Content starts

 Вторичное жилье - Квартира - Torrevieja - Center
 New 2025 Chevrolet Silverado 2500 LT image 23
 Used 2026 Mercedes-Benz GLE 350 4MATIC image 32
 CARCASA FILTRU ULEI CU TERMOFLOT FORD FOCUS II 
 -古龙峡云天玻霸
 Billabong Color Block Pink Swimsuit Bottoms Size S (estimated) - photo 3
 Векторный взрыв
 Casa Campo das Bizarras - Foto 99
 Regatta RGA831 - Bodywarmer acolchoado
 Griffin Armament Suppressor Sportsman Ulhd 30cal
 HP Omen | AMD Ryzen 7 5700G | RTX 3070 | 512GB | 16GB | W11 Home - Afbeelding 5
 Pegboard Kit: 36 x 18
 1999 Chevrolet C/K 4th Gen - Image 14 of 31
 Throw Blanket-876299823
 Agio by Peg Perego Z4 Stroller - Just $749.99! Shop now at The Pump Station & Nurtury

Content ends

Exercise prompt —
Scan the material above for the string "Chevrolet" and return the lines that hold it.

Result for this exercise —
 New 2025 Chevrolet Silverado 2500 LT image 23
 1999 Chevrolet C/K 4th Gen - Image 14 of 31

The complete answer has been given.